Closed it for now, anyway.
Last month, an evenly divided Supreme Court kept in place an Oklahoma ruling that blocked the Catholic Church from opening a public charter school there. Split 4-4, with Justice Amy Coney Barrett recusing herself, the court issued a one-sentence notice announcing that its deadlock would allow the Oklahoma Supreme Court’s ruling to stand.
The non-decision maintained the secular status — and, perhaps more importantly, state funding — for public charter schools in Idaho. But it may not be the end of the national debate over religion and charters. Oklahoma’s was a test case, according to Renita Thukral, senior national advisor for legal affairs at the National Alliance for Public Charter Schools.
“A 4-4 ruling does not establish precedent,” she said. “The exact issue could come before the Supreme Court again, not out of Oklahoma, unless their statute changes in some material way, but out of a different state.”

Thukral was speaking earlier this month at a virtual panel discussion hosted by the Idaho Charter School Association, Idaho Department of Education and Bluum.
The Charter School Association’s lobbying arm, the Idaho Charter School Network, signed onto an amicus brief urging SCOTUS to uphold the Oklahoma ruling. The National Alliance for Public Charter Schools also made arguments in the case.
Thukral said the question before the court was whether charters are private or public actors; and, if public, are they “public school enough” to be subject to the U.S. Constitution’s prohibition on government-sponsored religion?
If the court had decided that charters are more private than public, it could have jeopardized state funding.
Idaho law is clear that charters are part of the public school system, said Chris Yorgason, a Boise attorney and charter advocate. They’re funded by the state and subject to the same rules as traditional public schools, like open meeting and public records laws. And like traditional public schools, charters must be non-sectarian.
The SCOTUS result was “great, because it’s status quo,” Yorgason said during the panel discussion. “We know the world that we’ve lived in for the last 27 years, and frankly, it’s a good world to be in. It’s not perfect, but we are generally happy with where we are.”

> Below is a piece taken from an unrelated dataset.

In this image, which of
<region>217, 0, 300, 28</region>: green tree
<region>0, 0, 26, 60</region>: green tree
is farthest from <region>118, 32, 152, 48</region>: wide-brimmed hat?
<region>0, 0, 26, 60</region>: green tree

Idaho enacted charter schools in 1998.
Terry Ryan, board chair of the Idaho Charter School Network and CEO of the charter support nonprofit Bluum, has emphasized that the Network’s stance in the Oklahoma case wasn’t in opposition to private school choice.
The Idaho Legislature this year unlocked public funds for private schools, most of which are religious. The Network supported this effort along with other mechanisms to fund private education, like private school vouchers.
The Oklahoma arguments were about public charter schools being, “in fact, public,” Ryan said during the panel discussion. “That was front and center for us in Idaho and why we took the position that we took.”
Had the case gone another way, it’s unclear whether any Idaho charters would have rushed to affiliate with a church.

Alan Reed is chairman of the Idaho Public Charter School Commission, the authorizer for most of the state’s charter schools. Asked whether any Idaho charters have proposed a religious affiliation, Reed said, “I haven’t had anything come forward like that.”
Rep. Judy Boyle, one of the Legislature’s longtime school choice supporters, said there haven’t been rumblings about religious charters at the Statehouse, either. “We don’t have those in Idaho,” said Boyle, R-Midvale.
Regarding the SCOTUS result, Reed told Idaho Education News that he was glad the Commission doesn’t have to “worry about something new.”
“I didn’t want what we’re doing here in Idaho disrupted by a ruling,” he said. “We’ve got things going really well.”
Editor’s note: Idaho Education News and Bluum are both supported on grants from the J.A. and Kathryn Albertson Family Foundation.